Ataque a fisioterapeuta mostra descontrole sobre flanelinhas em Belo Horizonte

Mulher levou 15 pontos no braço após ser agredida por flanelinha na Savassi. Guardador foi indiciado apenas por "extorsão".

Pedro Ferreira Valquiria Lopes
Janine Lima se revolta com a previsão de que agressor em breve voltará à rua - Foto: Juarez Rodrigues/EM
O descontrole oficial sobre flanelinhas em Belo Horizonte – onde o número de “guardadores” cadastrados só diminui, enquanto a extorsão contra motoristas aumenta dia após dia – produziu sua vítima mais grave na Savassi. A fisioterapeuta Janine Damasceno Lima, de 33 anos, recebeu 15 pontos no braço, depois de se recusar a pagar antecipadamente pelo “serviço” e ser agredida com uma espátula. A Prefeitura de Belo Horizonte não foi capaz de informar ontem se o agressor é ou não inscrito no cadastro do município. Já a Polícia Militar sustenta ter detido 50 clandestinos em ruas da capital em um mês e meio, mas o trabalho não dá resultado, pois em pouco tempo eles estão de volta às ruas.

O ataque contra Janine, ocorrido na noite de sábado na Rua Sergipe com Fernandes Tourinho, endereço nobre do bairro da Região Centro-Sul de Belo Horizonte, vai deixar outras marcas que não apenas a grande cicatriz na altura do ombro esquerdo. Além do trauma, a fisioterapeuta está revoltada. O agressor, João Vicente Ângelo Custódio, de 72, que usava colete e credencial da prefeitura, foi preso e autuado apenas por “extorsão”. Para a vítima, o crime praticado foi lesão corporal e poderia até mesmo ser enquadrado como tentativa de homicídio. Traumatizada, ela conta que não volta mais à Savassi, mesmo porque considera que o criminoso sairá impune e brevemente estará de volta às ruas “para cometer outras barbaridades”.
A Polícia Civil não explicou o motivo de o flanelinha ter sido indiciado por extorsão. Informou somente que ele foi encaminhado ao sistema prisional.

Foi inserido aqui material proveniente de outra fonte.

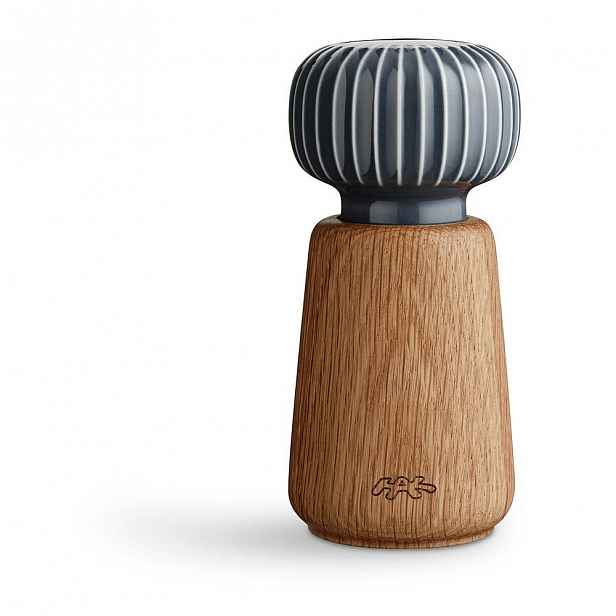 Mlýnek z dubového dřeva na koření s antracitovým detailem z porcelánu Kähler Design Hammershoi, výška 13 cm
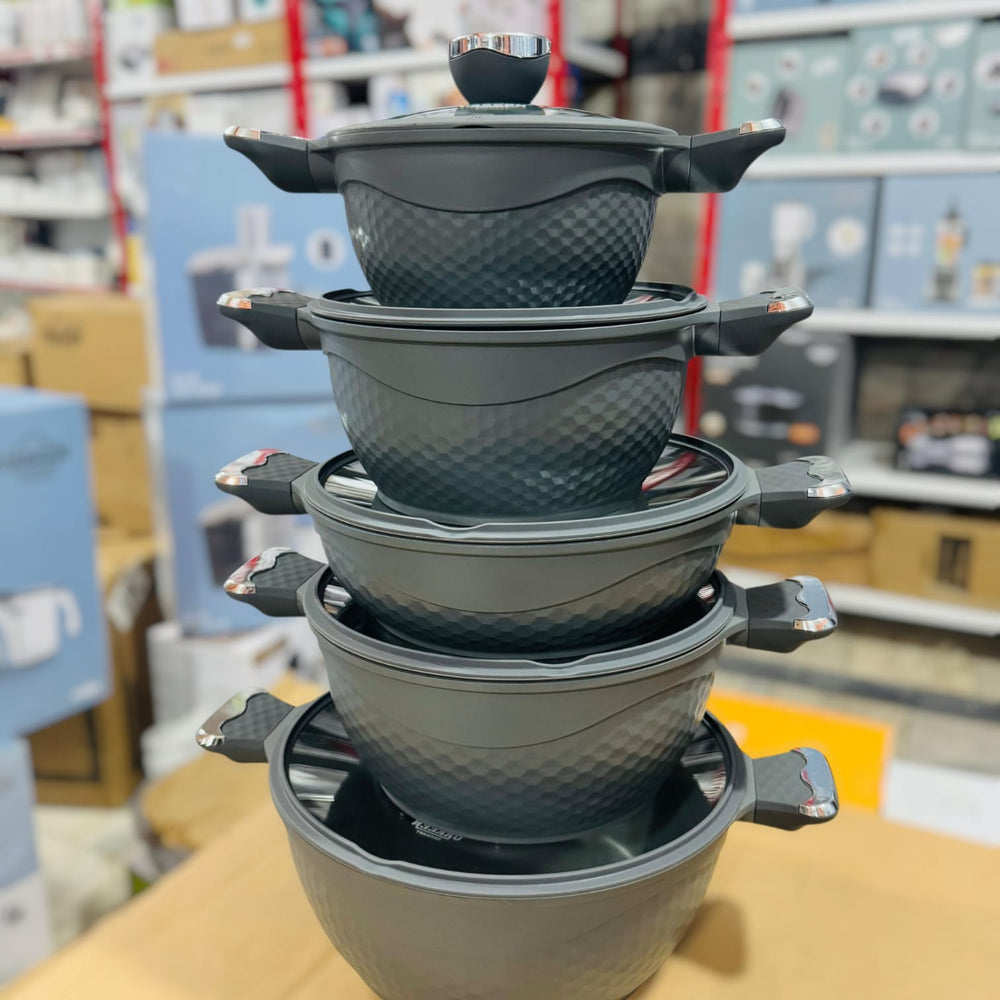 Uakeen Germany Induction Die-Cast Granite Cookware Set 10pcs VK-1408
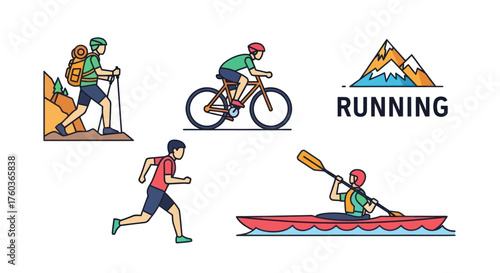 Diverse Outdoor Sports and Activities Illustrated.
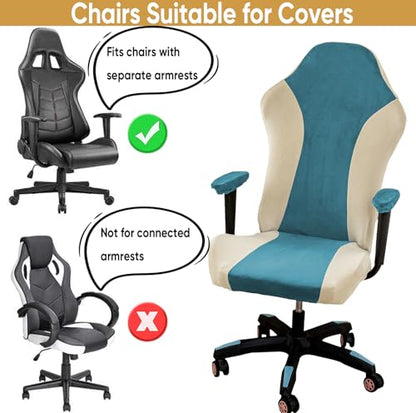 Lavish Cover Velvet Stretchable Gaming Chair Cover, Washable, Anti-Scratch Slipcover with Armrest Protection, Cat Scratch Proof for Office and Computer Chairs(No Chair, LightBlue) - color: Lightblue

Janine conta que havia saído de uma confraternização e pretendia passar em um bar na Savassi apenas para abraçar uma amiga que comemorava o aniversário. Acompanhada da filha de 2 anos e da afilhada de 11, ela conta que, ao chegar, subiu com o carro em um ponto onde o passeio é recuado, com espaço para estacionamento. Nesse momento, foi abordada pelo flanelinha. “Ele disse que eu somente poderia parar ali se pagasse R$ 5 antecipadamente. Falei que não ia demorar, e que o pagaria na volta, como costumo fazer. Mas ele disse que, se eu não pagasse naquele momento, encontraria os quatro pneus furados”, relata a vítima.

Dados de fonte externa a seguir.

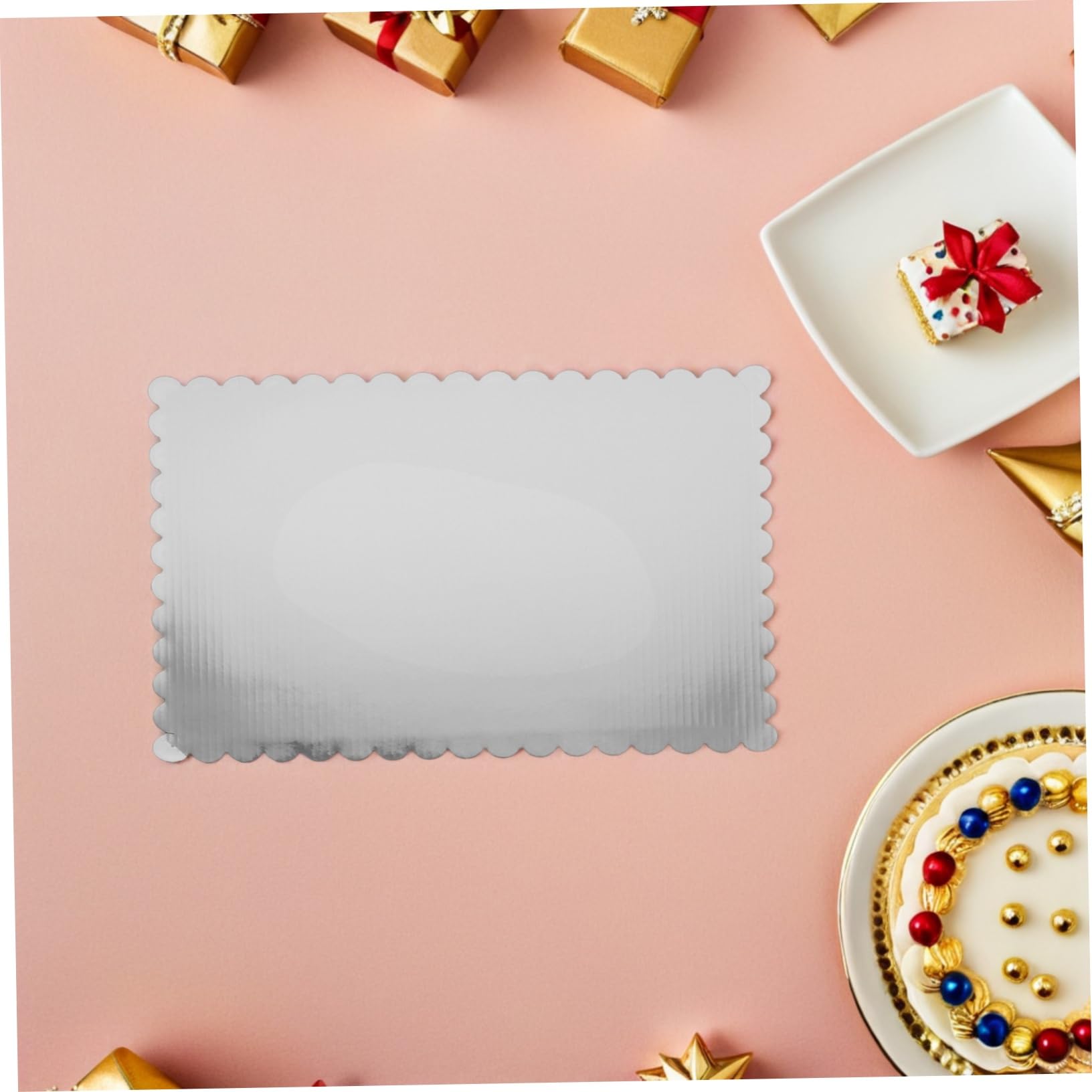 PartyKindom 20 Pièces Supports Gâteaux Ondulés Épais Bases Rectangulaires pour et Transport de Gâteaux Pâtisseries et Desserts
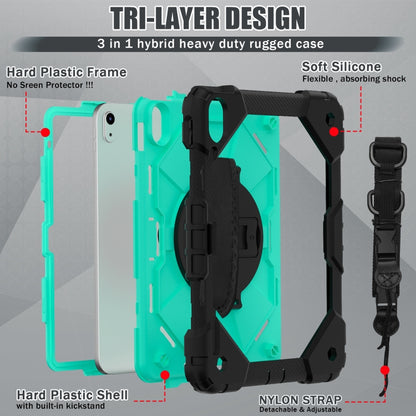 For iPad 2025 / 2022 Contrast Color Robot Shockproof Silicon + PC Tablet Protective Case(Black+Mint) - iPad 2025 / 2022 Cases by buy2fix | Online Shopping UK | buy2fix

Segundo ela, um motorista a serviço do aplicativo Uber presenciou a ameaça e se ofereceu para retirar o carro dele, que estava estacionado do outro lado da rua, e ceder a vaga. “Entrei no meu carro e, quando dei ré, o flanelinha começou a dar socos na parte traseira. Eu me assustei e desci. Disse que ele estava louco fazendo aquilo, que eu estava com duas crianças no carro. As meninas ficaram assustadas e a minha filha começou a chorar. Eu disse que o denunciaria à prefeitura”, conta a vítima.

Quando deu as costas para voltar ao carro, ela conta que sentiu o golpe, antes que o agressor fugisse. “Olhei e vi o sangue escorrendo.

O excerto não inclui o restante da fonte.